- [PROBLEM]: Would you please copy the entries exactly, leaving every picture aside?
::::
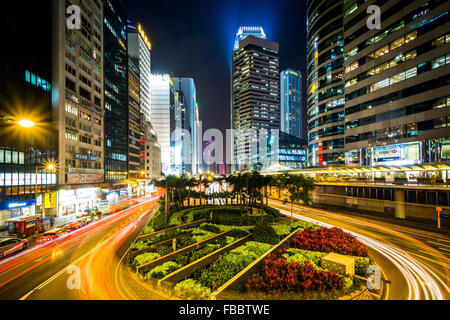 Blick auf einen Kreisverkehr und Wolkenkratzer in der Nacht im Central, Hong Kong, Hong Kong. Stockfoto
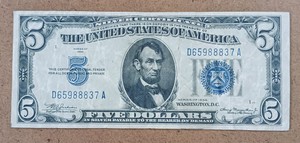 A beautiful vintage 1934 Series $5 Silver Certificate small-size banknote - 5 consecutive digits & more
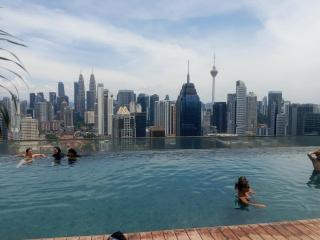 Spritz Empire Regalia Suites & Residence - 9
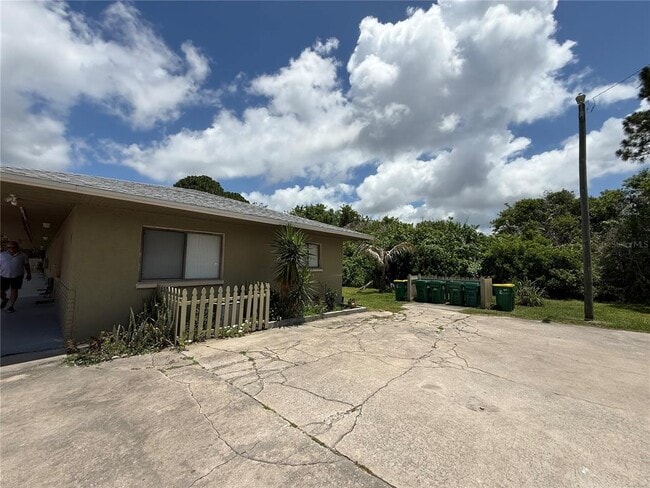 Building Photo - 2380 N Tropical Trail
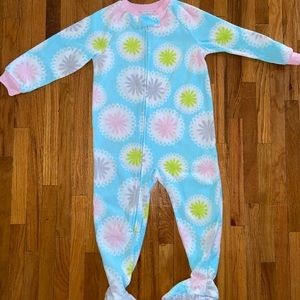 Girls fleece footed zip up 3T pajamas.  EUC 🌸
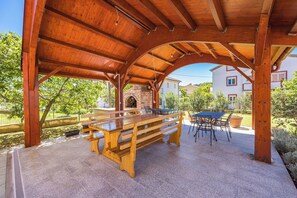 Outdoor dining - Family Apt Lavanda (Neda) - Seafront, Rab Island (Kampor)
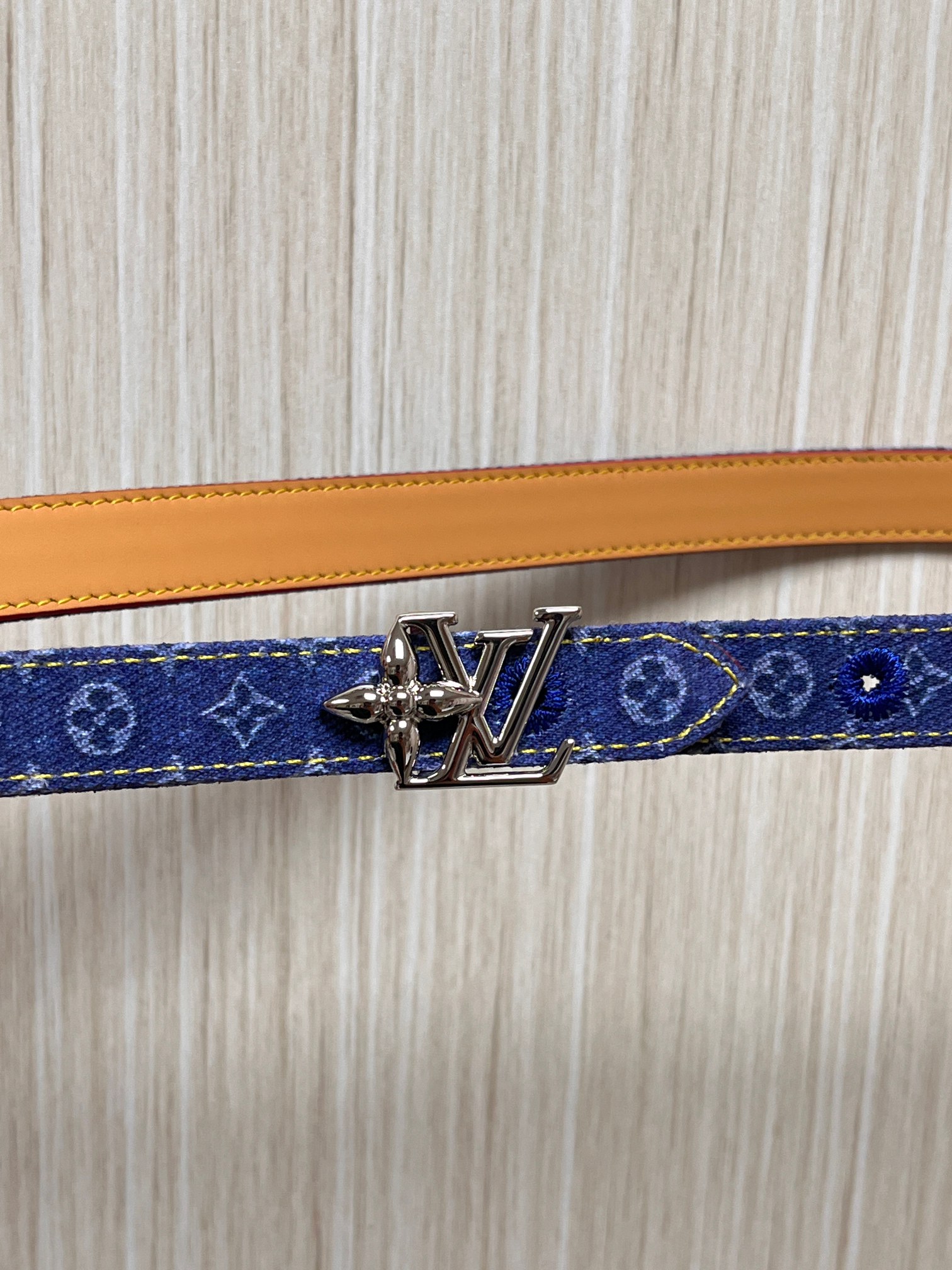 当季新款，- 牛仔篮Monogram 帆布材质，搭配复古做旧的老花印花另一面树高进口牛皮- 更适配日常穿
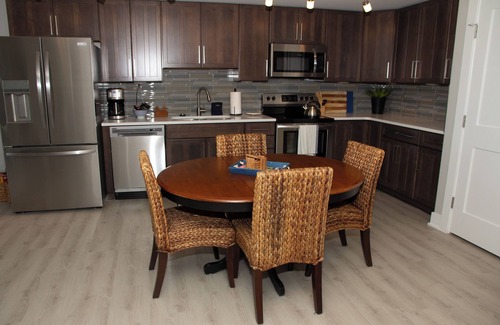 Canandaigua Condominio | Peaceful Canandaigua Lake Condo with Lagoon View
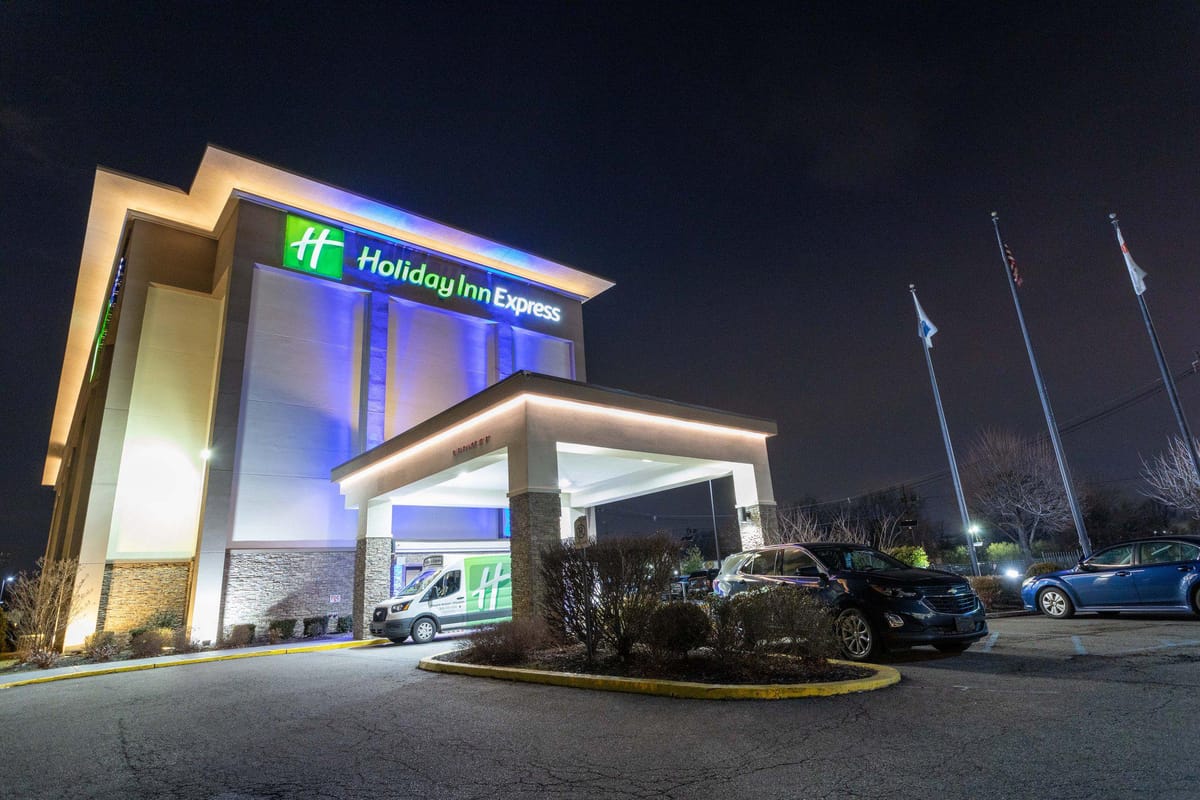Holiday Inn Express Newark Airport – Elizabeth by IHG — 3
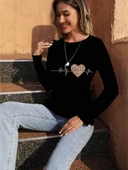 Kadın Uzun Kollu Bisiklet Yaka Kalp Desenli Bluz thumbnail 1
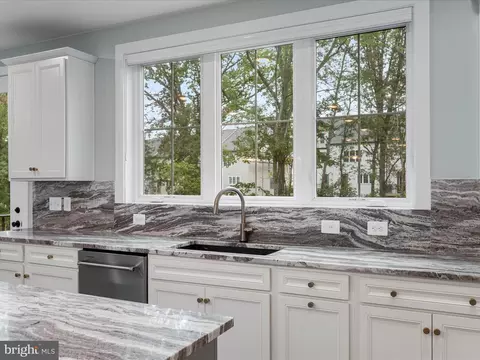 Kitchen - 22976 Copper Tree Ter, Ashburn, VA 20148 photo 4 of 4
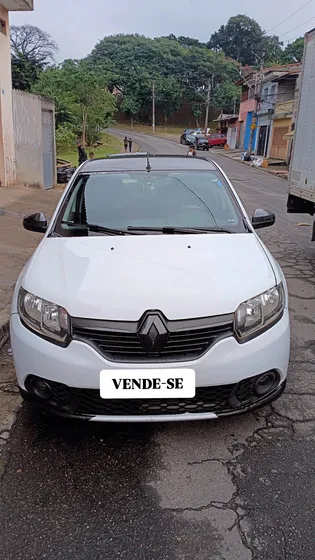 Renault Sandero 1.0 16v Expression Hi-flex 5p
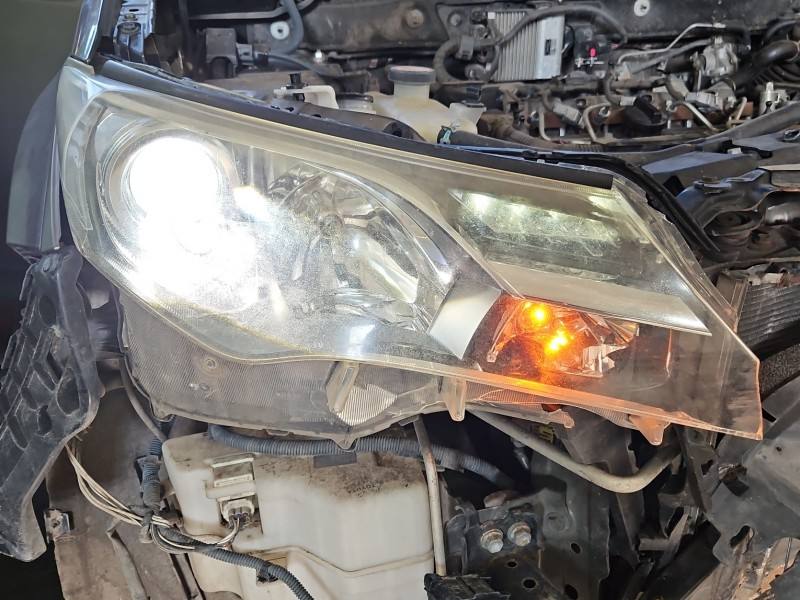 Фара передня права Toyota Rav4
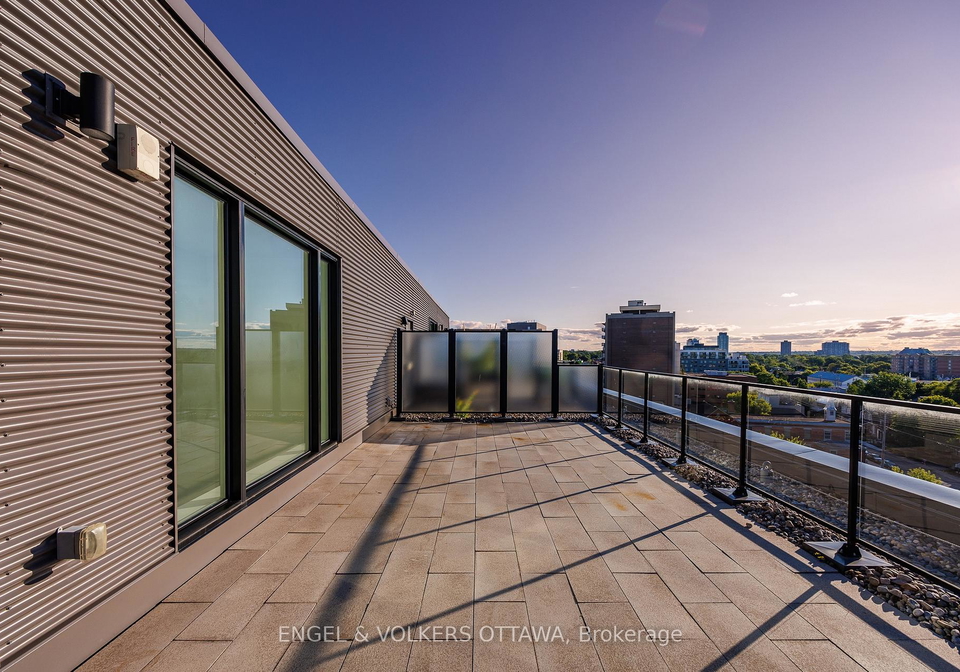 10-rosemount-avenue-ottawa-ontario-x12470709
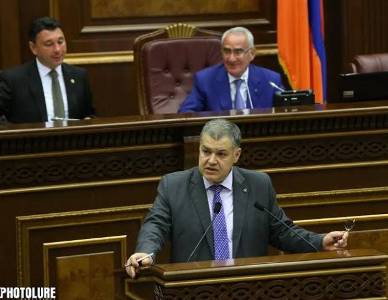 «Հրապարակ». Արմեն Սարգսյանը սկսել է Սերժ Սարգսյանի մարդկանց իր «տակից» տանե՞լ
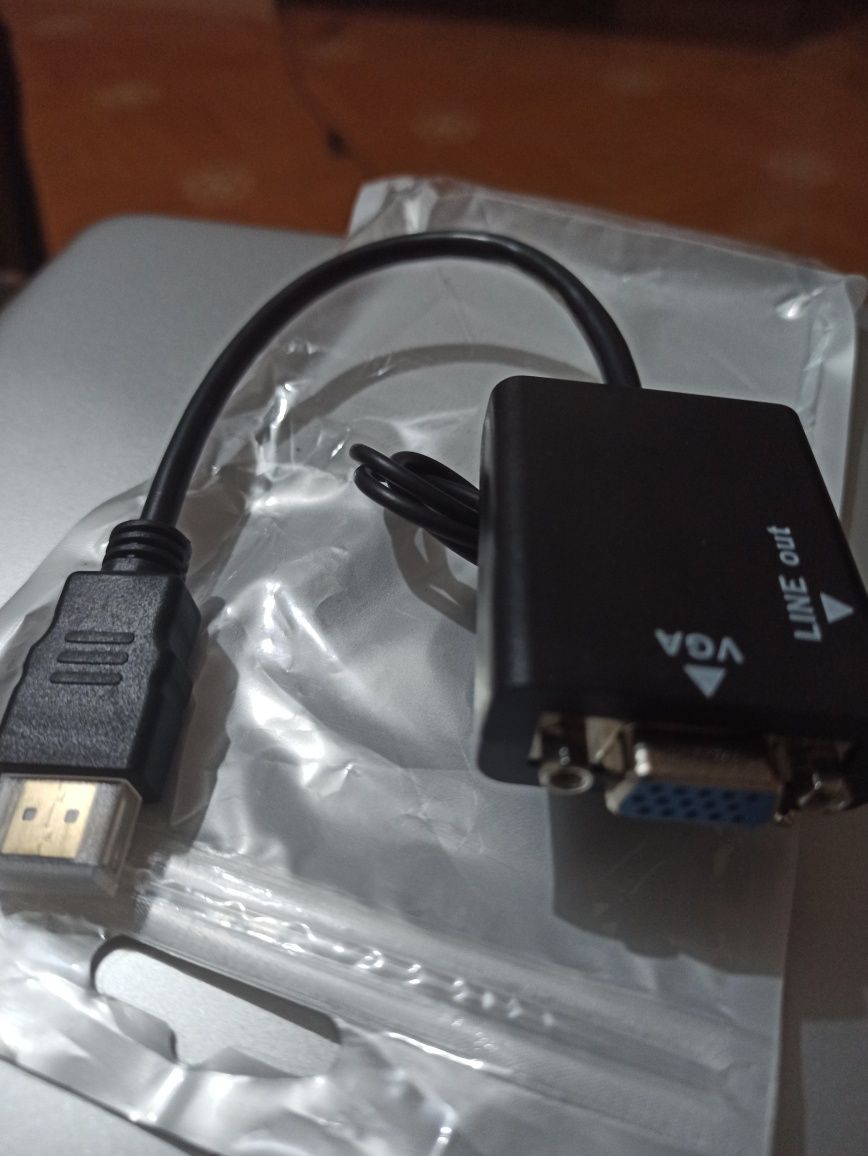 Vendo Conversor HDMI - VGA NOVO
Entrego em mão na zona de Leiria e Mar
::::
- [YOUR RESPONSE]:
 Blick auf einen Kreisverkehr und Wolkenkratzer in der Nacht im Central, Hong Kong, Hong Kong. Stockfoto
 A beautiful vintage 1934 Series $5 Silver Certificate small-size banknote - 5 consecutive digits & more
 Spritz Empire Regalia Suites & Residence - 9
 Building Photo - 2380 N Tropical Trail
 Girls fleece footed zip up 3T pajamas.  EUC 🌸
 Outdoor dining - Family Apt Lavanda (Neda) - Seafront, Rab Island (Kampor)
 当季新款，- 牛仔篮Monogram 帆布材质，搭配复古做旧的老花印花另一面树高进口牛皮- 更适配日常穿
 Canandaigua Condominio | Peaceful Canandaigua Lake Condo with Lagoon View
Holiday Inn Express Newark Airport – Elizabeth by IHG — 3
 Kadın Uzun Kollu Bisiklet Yaka Kalp Desenli Bluz thumbnail 1
 Kitchen - 22976 Copper Tree Ter, Ashburn, VA 20148 photo 4 of 4
 Renault Sandero 1.0 16v Expression Hi-flex 5p
 Фара передня права Toyota Rav4
 10-rosemount-avenue-ottawa-ontario-x12470709
 «Հրապարակ». Արմեն Սարգսյանը սկսել է Սերժ Սարգսյանի մարդկանց իր «տակից» տանե՞լ
 Vendo Conversor HDMI - VGA NOVO
Entrego em mão na zona de Leiria e Mar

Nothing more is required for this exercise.